◆ Entries shown:
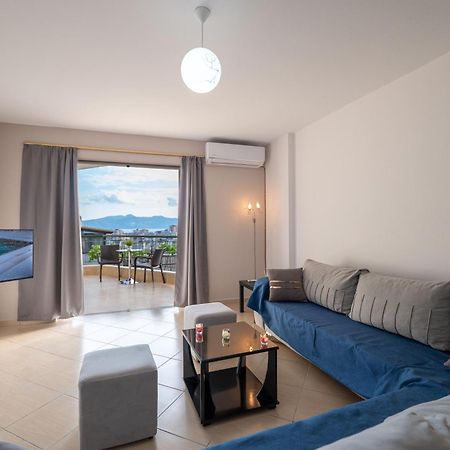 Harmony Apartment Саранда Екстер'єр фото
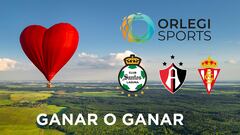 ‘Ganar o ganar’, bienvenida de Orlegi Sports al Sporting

==

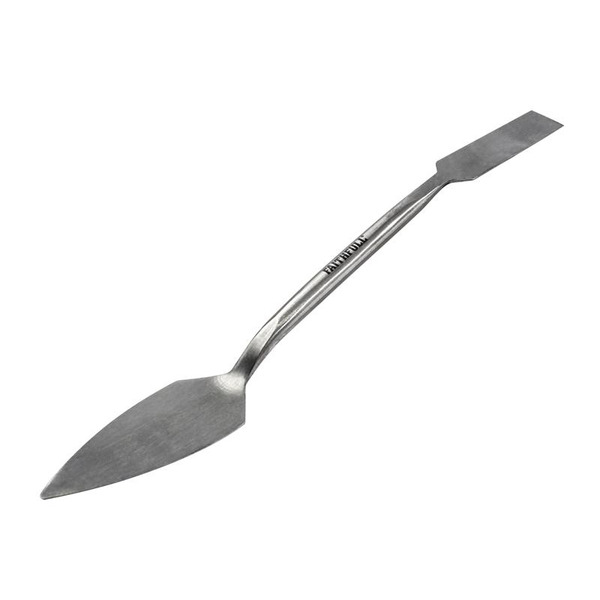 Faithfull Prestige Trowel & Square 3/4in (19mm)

* * *

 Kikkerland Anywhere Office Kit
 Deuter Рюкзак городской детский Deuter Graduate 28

◆ Exercise directions: In the entries above, find the line that contains "Harmony Apartment Саранда Екстер'єр фото" and the line that contains "Sports al Sporting". Reproduce exactly those two lines and every line between them, but not the pictures.

◆ Response area:
 Harmony Apartment Саранда Екстер'єр фото
 ‘Ganar o ganar’, bienvenida de Orlegi Sports al Sporting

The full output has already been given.